We are required by law to maintain the privacy of your information and to notify you in the event of a breach that may compromise its security.

 

Changes to This Notice

We reserve the right to periodically modify and amend these terms of this Notice, with any updates taking immediate effect and being made available upon request and posted on our website.

 

Protect Your Rights and Avoid Surprise Medical Bills

Emergency care or treatment provided from an out-of-network provider at an in-network facility typically does not result in balance billing charges.

Understanding Balance Billing

Balance billing occurs when providers charge you the difference between what your health plan covers and their full charges for services provided outside their network. This typically applies to out-of-network providers.

Emergency Services

If you require emergency services, any charges over and above your in-network cost-sharing amount (i.e. co-payments, coinsurance premiums or deductibles) cannot exceed what has been established through cost sharing arrangements or without your written permission to waive it. This protection remains in place unless written waiver consent is granted in advance.

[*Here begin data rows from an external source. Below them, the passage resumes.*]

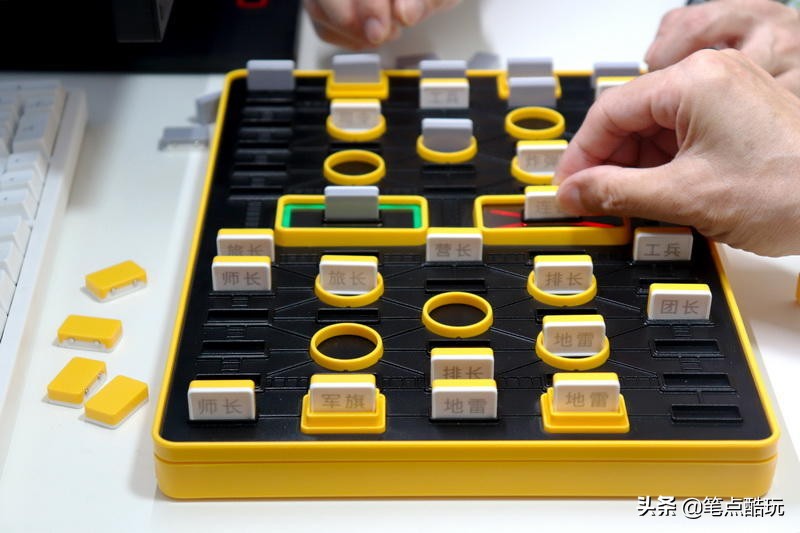 小米智能军棋玩法,小米有品体感游戏机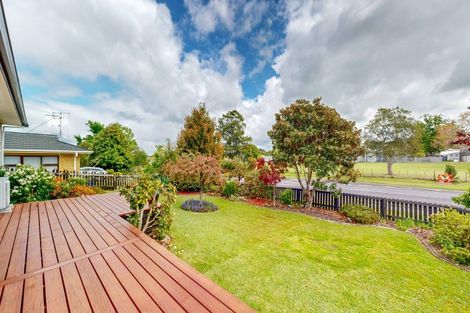 Photo of property in 1 Ohinemuri Place, Paeroa, 3600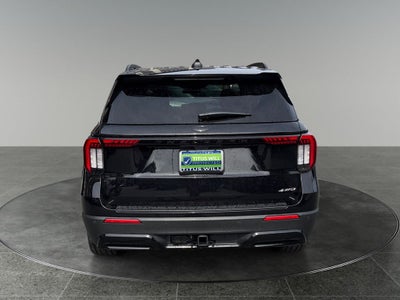 2025 Ford Explorer ST-Line GOLD CERTIFIED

Services at In-Network Facilities

When receiving treatment at an in-network hospital or ambulatory surgical center, certain providers (anesthesiologists, radiologists or pathologists) may fall outside of your cost-sharing agreement and cannot exceed its limits for billing. In these instances, their balance billing cannot exceed in-network cost-sharing amounts.

 

Your Protections

You are not required to receive out-of-network care
You are not required to waive balance billing protections
Your health plan must cover emergency services without prior authorization
Payments made toward these services count toward your in-network deductible and out-of-pocket limits

Our Responsibilities

We are required to:

  • Maintain the privacy and security of your health information
  • Provide you with this notice of our legal duties and privacy practices
  • Follow the terms outlined in this notice
  • Notify you promptly if a breach occurs

Without your written approval, we will never use or disclose your data in ways not described here.